The next year, the collection Death of a Naturalist appeared, and the rest is history: concentric ripples of achievement travelling outwards from that first splash in the literary pond, and now culminating in District and Circle - a volume of incontestable weight and majesty, arguably unsurpassed, in universal relevance, by any of its predecessors.
"The bastion of sensation" in all its visual, tactile, cultural and psychic particularity: this sensual perspicuity has always been the foundational territory of Heaney's ground-breaking muse, the district whose rounds he has done for more than 40 years. I once heard a scholar say that about half of all Heaney's poems were imaginatively rooted within a short radius of his family's smallholding in Co Derry; and this remains true here, if one reckons its poems on farm implements and household objects - a harrow-pin, a scuttle, a sledgehammer, a stove-lid, a spade - by which Heaney amplifies and mediates the "age of bare hands/and cast iron" which first formed him as a countryman.
As always for me with Heaney, the Contents produced surprise at the rare-hoard effect of his titles. And if it's true that all his collections evince a very fitted line-up, it seems even more intensely so with this book - so that there are not only many connections between poems, and self-echoes deep or fleeting from earlier work, but also a magisterial unfolding of thematic suites that creates a distinct superaddition of contemporary meaning, a sum greater, even, than the discrete ensembles emerging from the beauty of individual poems.

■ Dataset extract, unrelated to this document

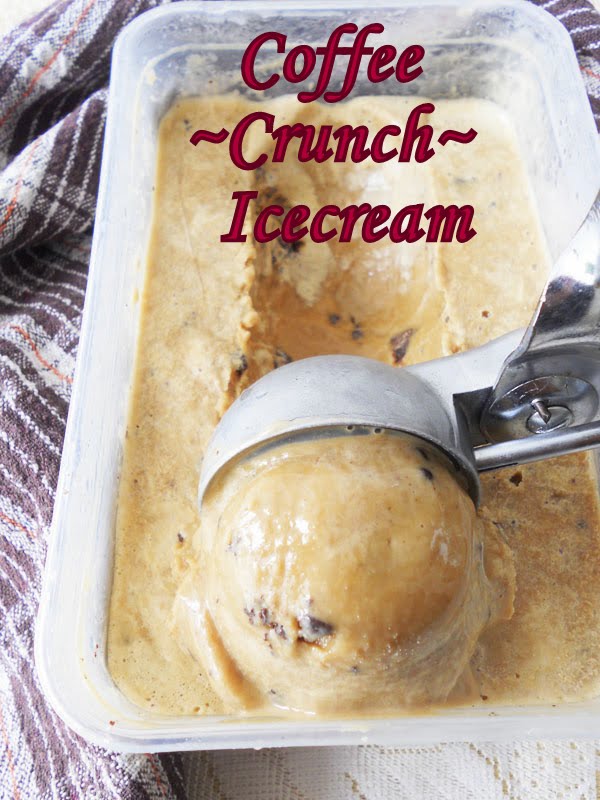 Coffee Crunch Ice Cream With Chocolate Chips...step by step.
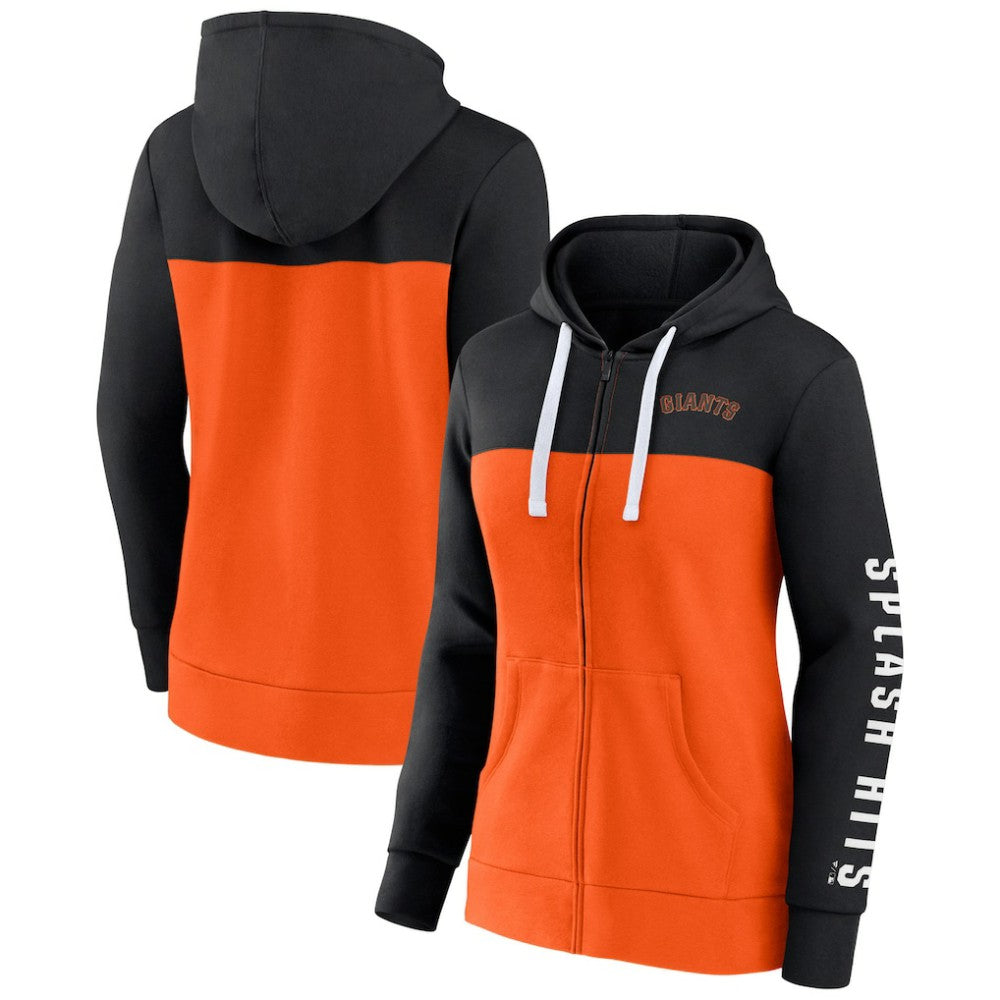 San Francisco Giants Fanatics Women's Take The Field Colorblocked Hoodie Full-Zip Jacket Online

Voraciousness, artistic and intellectual, has always been a prime characteristic of Heaney the Maestro; here, one senses especially a voracious alertness to the post-9/11 world, a global weather-eye leaving its trace elements across the snail-track of the poems. One reading of the title, then, might be the interplay of continuity and evolution.
A host of old Heaney things are modulated in new ways: the handling of objects as if messengers of talismanic lore, bearing "the tackle of the mighty, simple dead"; the quick density, the clotted swiftness, of his style increasingly; an intensified telegraphese of notation, catching ever more exactly the actual arabesques of consciousness; fresh proofs of his innate mix of eases and facilities, whereby a rich workaday demotic is fused with the heights of literary sophistication, as if a master dowser had tapped into a singular way of seeing and hearing and handling the primal energy in language.

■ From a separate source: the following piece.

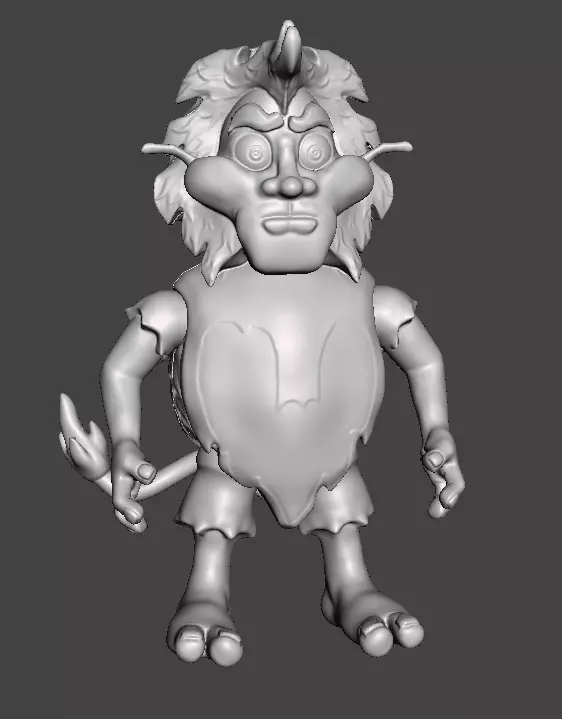 STL File 3D Ewoks Ubel 3D Print Model 3D OBJ 3D print model 3D print model_0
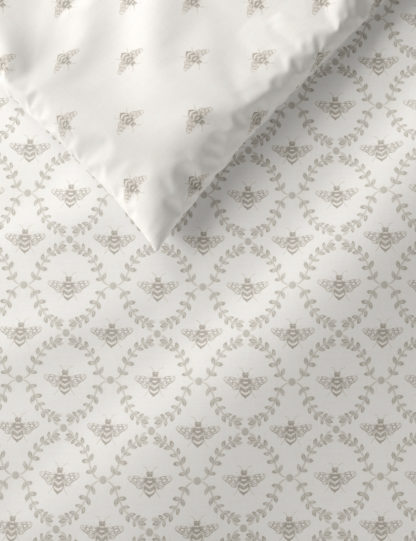 An Image of M&S Cotton Blend Bee Bedding Set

The opening poems harken back to early memory. To find a correlative for the newly menacing, but anciently cognate, historical weather at the start of our century, he returns to the apocalyptic last years of the second World War. Something fear-haunted and "fly-by-night" in existence, felt by the child - epiphanies of darkness, cheek by jowl with first things - is, for him, now apt to remember.
They annunciate a newly dark note carried through the collection: a heightened feeling for the eternal destruction that is existence, the silencing of all human endeavour by the dragon of time. In one, an antique farm contraption voices proxy metaphysics on the natural history of destruction; in another, a garden daydream morphs to Polish transports under an indifferent sky; in a third, the exquisite The Aerodrome, the massed spectre of American airpower set down in Derry countryside, belonging to "wherever the world was", is offset by a tightened hand, his sister's tiny gesture of love.
Often overlooked - due to Heaney's more obvious persona as a venerator, whose main duty is to "watch my words" in work that "pinpoints dark" - there has always been a tough historical barb running through his poetry and prose, nowhere more so than in A Shiver. Writing out of a veteran awareness of Irish history, his description of a sledgehammer's destructive action becomes a kind of flattened meaning in itself, by simply relating what's there, what's experience:
Its gathered force like a long-nursed rage About to be let fly: does it do you good To have known it in your bones, directable, Withholdable at will, A first blow that could make air of a wall, A last one so unanswerably landed The staked earth quailed and shivered in the handle?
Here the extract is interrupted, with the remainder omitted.